The following diagram shows the component relationship of the solution:

How to use this framework?

Infrastructure

Check the README on the pozoledf-chef-repo repo.

You will use your Chef Infra Server/Automate to monitor the status of your nodes, including the following aspects:

• Jenkins installation and updates
• Monitor server installation, which will contain Elasticsearch, InfluxDB and Grafana.
• Application installation and updates, on each environment
• Node active configurations

Applications

Your applications will follow an opinionated integration/deployment strategy.

• Use pozoledf-sample-app as a blueprint for setting your application integration configuration. Remember to add this project to your Jenkins server. The Jenkinsfile there will need adjusting, specifically in these aspects:

  • Docker Registry URL
  • Docker Image name and tags
  • Requirements to make docker build work.
  • Any additional steps that you'll want to perform, such as:
    • Static code analysis
    • Security analysis
    • Testing and code coverage

  Keep in mind that when the main branch changes in this repo, the pipeline will trigger the release pipeline, by creating a new release branch in that repository.

• Use pozoledf-sample-app-deployment as a blueprint for your release and deployment configuration. Most of the config files there will need adjusting, but we suggest you use the kustomize-ready files there to make it friendlier. You can always use additional K8S resources and plugins, as well as changing the default Chef Habitat package config to enrich the deployment steps. Check the README of the repo for more details.

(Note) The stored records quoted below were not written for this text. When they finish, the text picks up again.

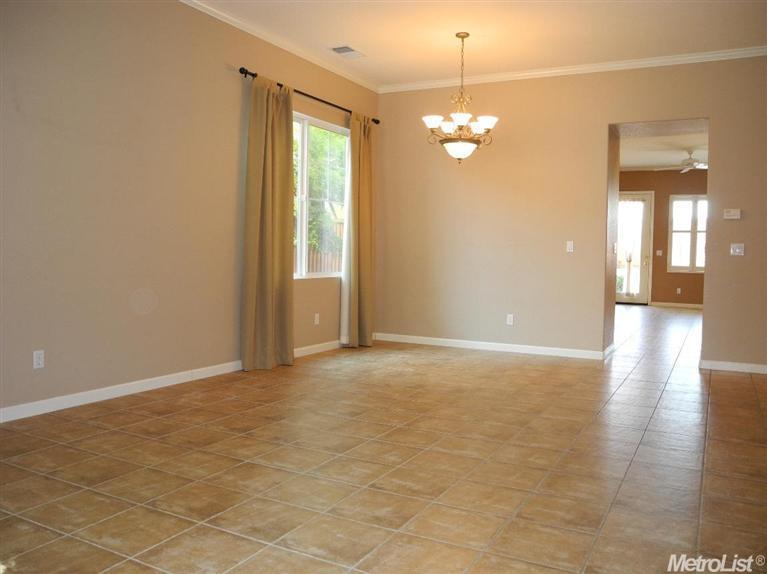 2870 Compton, Tracy, CA 95377 photo 4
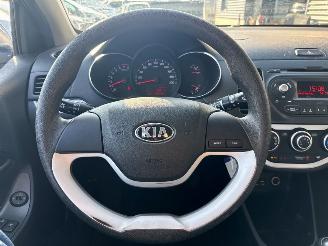 Kia Picanto 1.0 12V Hatchback  Benzine 998cc 49kW (67pk) FWD picture 11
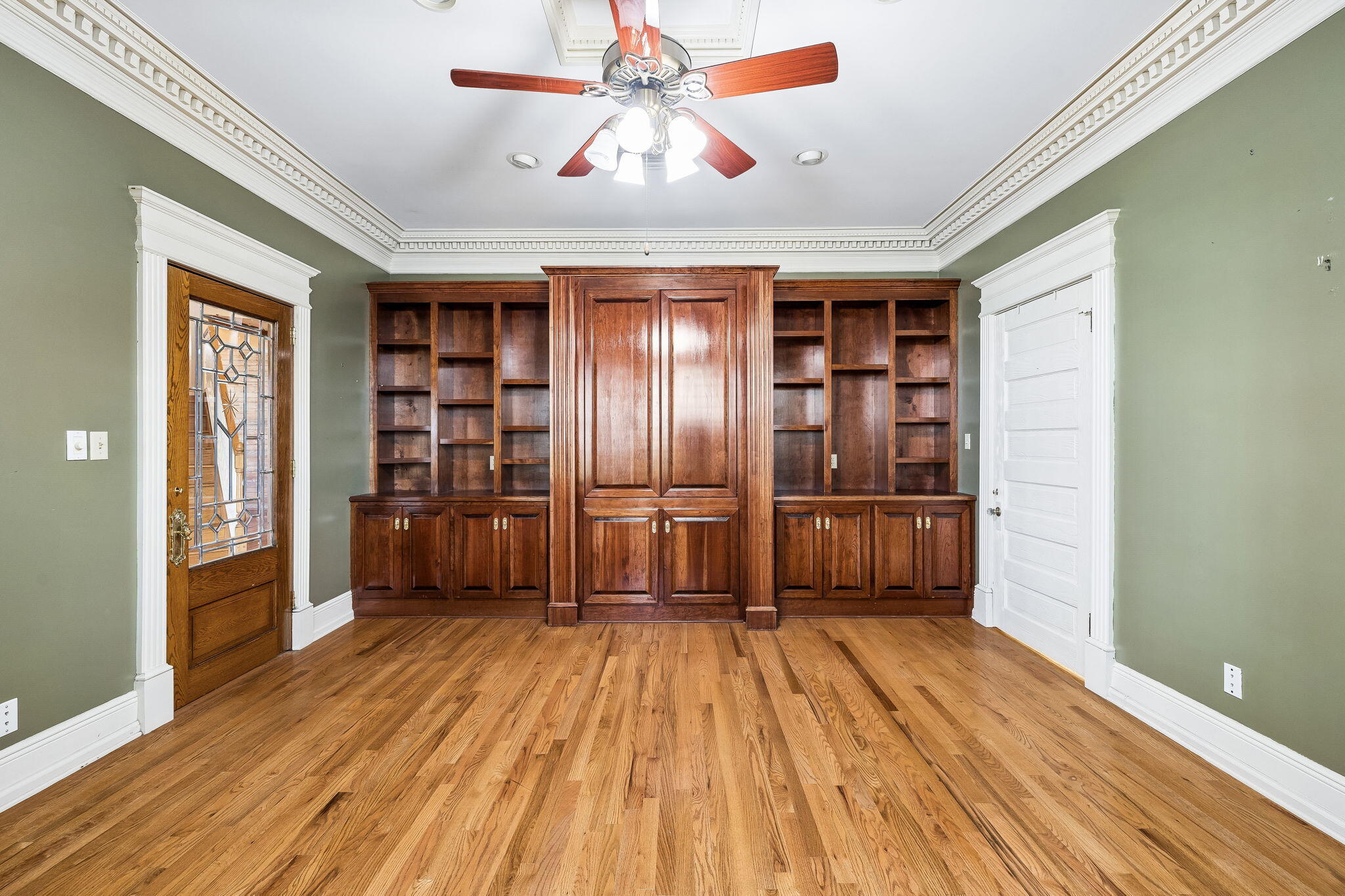 11 Paradise Point Road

• Use pozoledf-chef-repo to define your Chef cookbook for installing the application using Habitat and its supervisor running on the Kubernetes control plane. For an example check the cookbooks/pozoledf-sample-app directory of that repo. Note that that cookbook is already included on the k8s-controller.json inside the roles dir.

Contribution

We're open to contributions, as long as they follow our ultimate goals for keeping this framework:

• Simple
• Documented
• Supported
• Extensible
• Opinionated

Please fork any of the repos of the framework and submit a PR.

About the authors

Jeffrey Alvarez is DevOps Tech Lead in Improving Nearshore (known as iTexico in Mexico).

Abraham Rivera is a DevOps Engineer in Improving Nearshore.